Newly single, 35, and uninspired by his job, Jesse Fisher worries that his best days are behind him. But no matter how much he buries his head in a book, life keeps pulling Jesse back. When his favorite college professor invites him to campus to speak at his retirement dinner, Jesse jumps at the chance. He is prepared for the nostalgia of the dining halls and dorm rooms, the parties and poetry seminars; what he doesn’t see coming is Zibby–a beautiful, precocious, classical-music-loving sophomore. Zibby awakens scary, exciting, long-dormant feelings of possibility and connection that Jesse thought he had buried forever.
Radnor plays Jesse, a guy that has just lost his girlfriend and decides to accept an invitation to speak at a retirement party for his former college professor Peter. (Richard Jenkins) The college back in Ohio is a liberal arts college and this film has a decidedly artsy feel to it. Literature is front and center throughout and it is a cerebral romantic drama. Jesse loves books and those that write them.
The retirement affair goes somewhat sour, but Jesse is introduced to a gal named Zippy (Elizabeth Olsen) that rejuvenates Jesse in more ways than one. Coming on the trip, Jesse was feeling down and out and uncertain of what he was doing. Zippy makes him feel alive and young again, and they strike up a relationship of sorts. However, inappropriate the age difference might be, the two seem to be perfect fits in all the other ways that matter. They decide to stay in touch and write one another on a regular basis when Jesse returns to New York and life as usual.
While this relationship is only one of many that is explored in this movie, it is the one that seems to hit home the hardest for me. Zac Efron plays Nat, a spiritual goof ball of sorts. John Magaro plays a depressed student that crosses paths with Jesse and Allison Janney is his former lit teacher that lights his fire in more ways than one.
What makes this movie so intriguing is the communication found within. If you are not interested in high level conversation and the liberal arts, I would suggest you move off of this particular title. It is full of wit and humor, but none of it is cheaply arrived at. The humor, like the conversation is a bit highbrow. As such it is not your everyday rom-com to say the least.
Elizabeth Olsen is clearly the superstar of this movie in my view as the 19-year-old girl that wants to steal Jesse’s heart. The girl is absolutely vivacious as she lights up the screen every single time she shows up. Jesse is troubled by all the normal things you might wonder about in a relationship between two people so far apart in age, and it threatens to eliminate their chances at happiness. Radnor also shines as Jesse but in a slightly less exciting way. Radnor is more of a dry kind of guy on screen, and he uses that to come across with a sort of intelligent aura that is tough to explain. When he speaks, however, the viewer wants to listen to what he has to say. I would suppose that is a high compliment for an actor.

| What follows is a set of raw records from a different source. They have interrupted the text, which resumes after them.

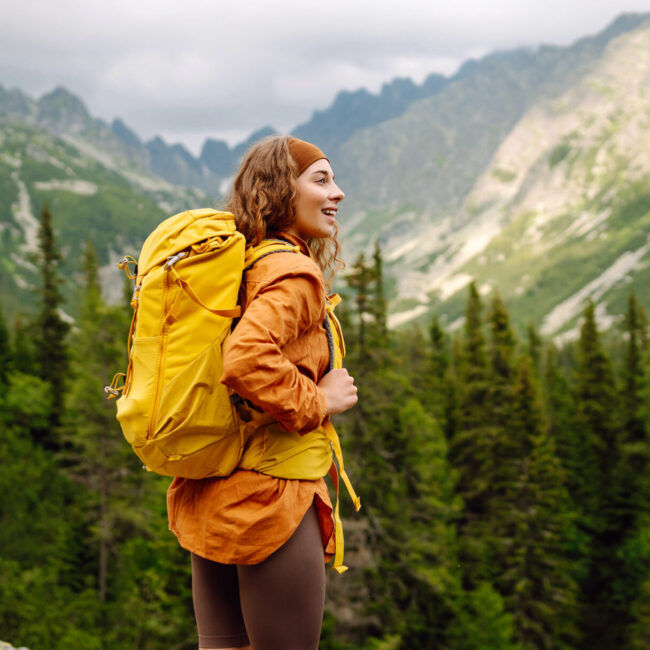 An active female traveler with a bright hiking backpack enjoys t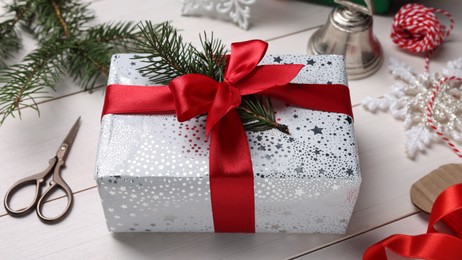 Beautifully wrapped gift box on white wooden table, closeup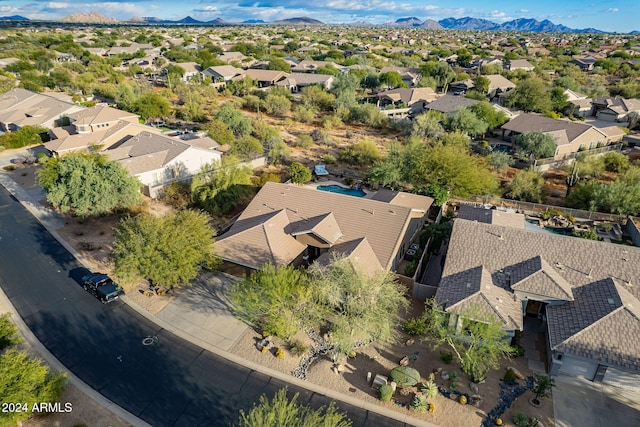 bird's eye view with a mountain view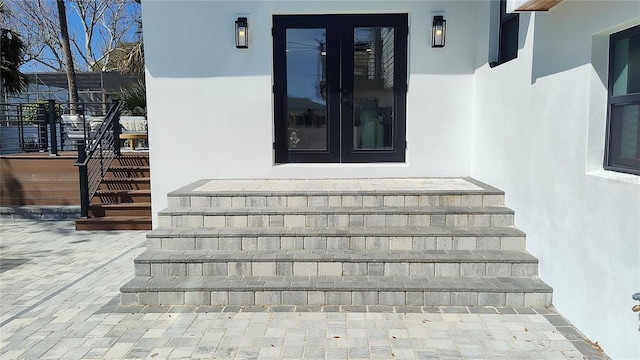 view of exterior entry with stucco siding and french doors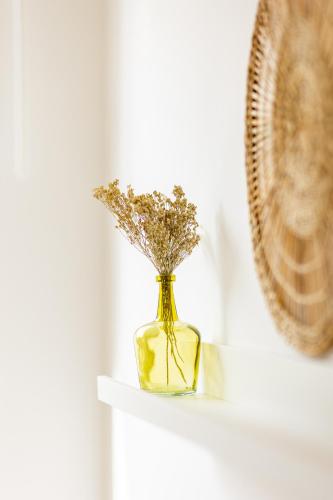a small yellow vase with flowers in it on a shelf at Le Gîtel in Spa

Liberal Arts is not going to be the perfect movie for everyone, but the vast majority will find it irresistible. I found it to be a solid and enjoyable film that passed the chick flick test. That is, both my wife and I enjoyed it from start to finish without either of us having to roll our eyes. I would guess that makes it a pretty darn good movie overall.
Be sure to check it out yourself and you will see what I mean.